Aviraneta contó al gobernador el espionaje de que era objeto y le pidió que le desembarazara de Nenin por unas horas.

Al día siguiente se levantó y pidió el paquete de documentos guardado por Echeandía, lo empaquetó en un hule, llamó en el cuarto de don Domingo Orbegozo y le ordenó que fuera sigilosamente al caserío Chapartiena, de la orilla del Bidasoa, y allí entregara el paquete a Roquet.

Salió Orbegozo, le vio Aviraneta marchar por la calle y no le siguió para no llamar la atención.

Se le ocurrió pensar lo extraño de que Nenin, que tanto interés manifestaba el día anterior en espiarle, no apareciera.

—Oye —preguntó al dueño de la fonda—, ¿ese Nenin, de Bayona, que comió ayer aquí, ha quedado a dormir en casa?

—No.

Aviraneta se alarmó. El agente de Gamboa, como hombre activo, podía intentar todavía algo. Se vistió rápidamente, se puso una boina, metió dos pistolas en los bolsillos y marchó camino de Chapartiena.

Al llegar al caserío le chocó ver a la puerta dos tipos franceses como de guardia; eran, indudablemente, gendarmes vestidos de paisano.

Muy inquieto, fue a casa de su amigo a toda prisa, y después de contarle lo que pasaba hizo que le acompañaran dos chapelgorris. Saltaron la tapia, entraron en la casa y se encontraron en un cuarto al comisario de policía francés y a Nenin examinando tranquilamente los documentos de el Simancas y disponiéndose a copiarlos.

Los dos, al ver a los chapelgorris con los sables desenvainados y a Aviraneta que les apuntaba con las pistolas, se entregaron sin protesta.

Aviraneta los hizo registrar; se les quitaron armas y papeles.

—Nos han dado orden —dijo el comisario francés excusándose.

—En España usted no es nadie —le contestó Aviraneta duramente—; aquí no le pueden dar a usted orden alguna.

Luego se sentó a la mesa y examinó los papeles de el Simancas.

—Aquí falta un documento. A ver, usted, señor comisario, quítese la chaqueta. Registraremos a todos hasta encontrar el documento.

El comisario se quitó la chaqueta. Había guardado el papel en el pecho.

—Usted, señor Nenin, vendrá con nosotros a Irún.

De pronto pensó en Orbegozo, a quien él había enviado desde la fonda al caserío con los documentos. Se le ocurrió que estaría encerrado, y, efectivamente, se lo encontraron en un cuartucho del caserío.

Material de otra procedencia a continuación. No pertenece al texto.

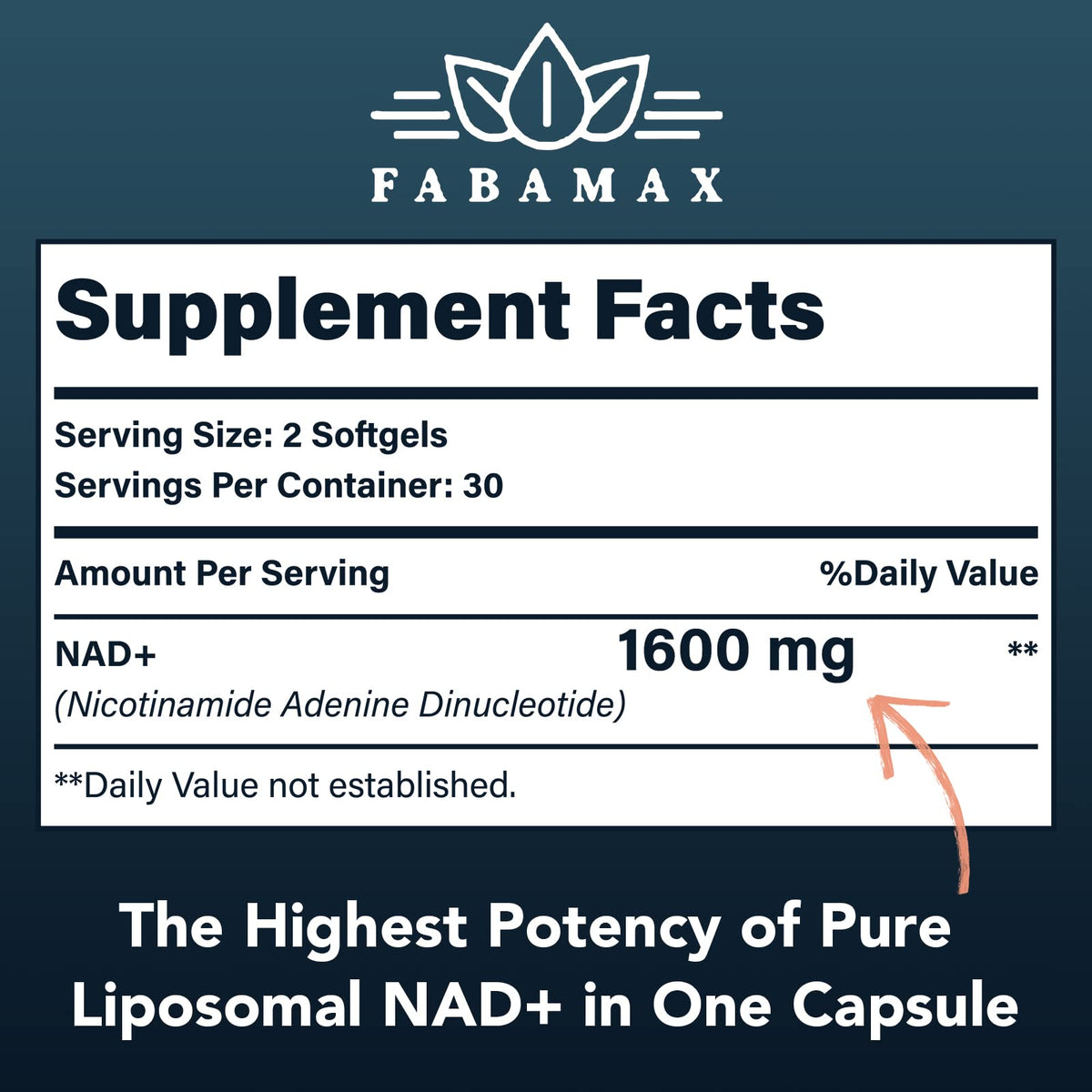 Fabamax Liposomal NAD+ 1600 mg capsules sur un fond blanc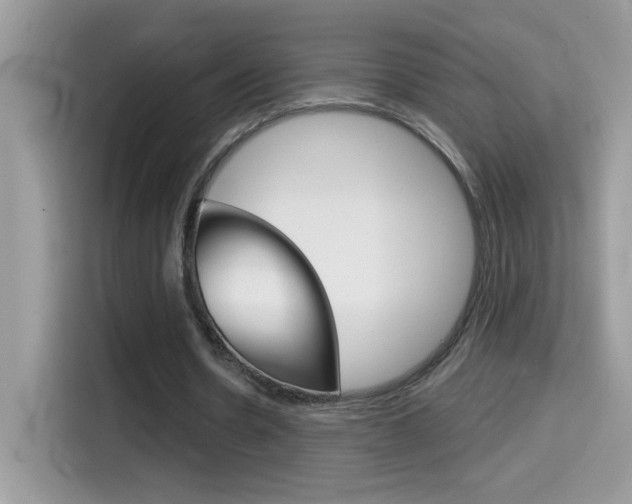 X0000114440530200910161054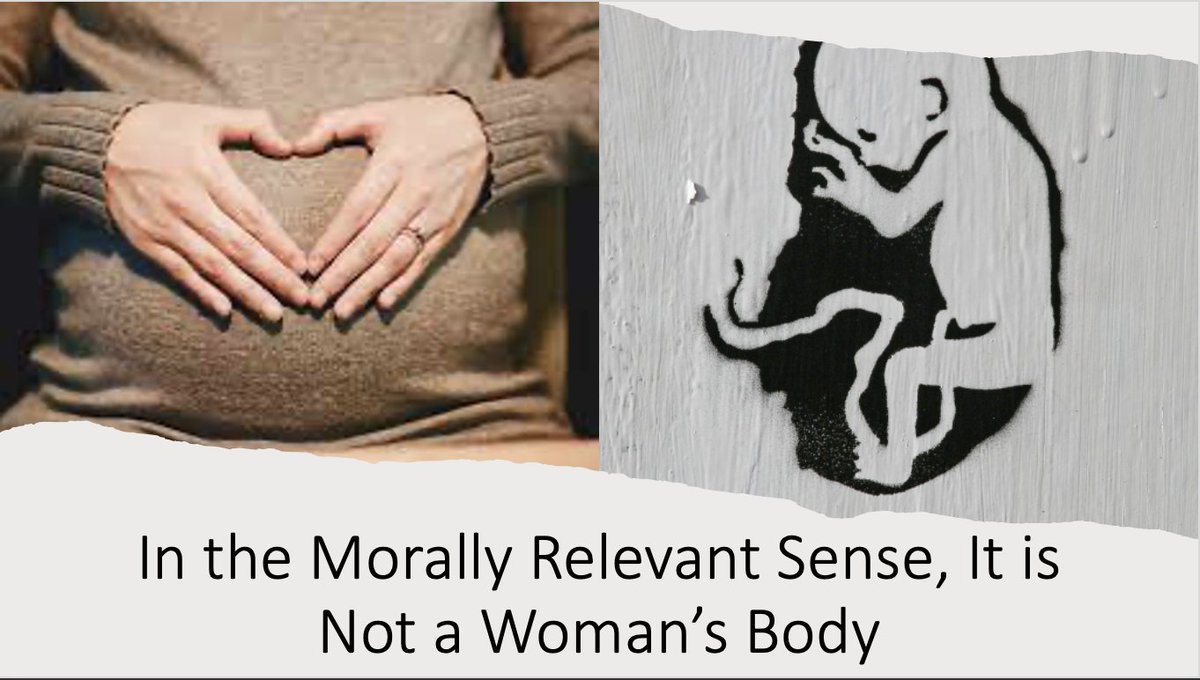 Sean_McDowell's tweet photo. In a morally relevant sense, it is not the woman's body. Guest post by Dr. JP Moreland: https://t.co/CbcZzMCoVZ https://t.co/UTZoeGa2mX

Eran las nueve y media, hora de la cita con Roquet. Un minuto después estaba Roquet en un carricoche a la puerta del caserío Chapartiena y tomaba el Simancas de manos de don Eugenio. Los dos chapelgorris acompañaron a Roquet hasta pasar Behobia.

Aviraneta vio los documentos de Nenin y pudo comprobar que Gamboa era su enemigo y que trabajaba contra él.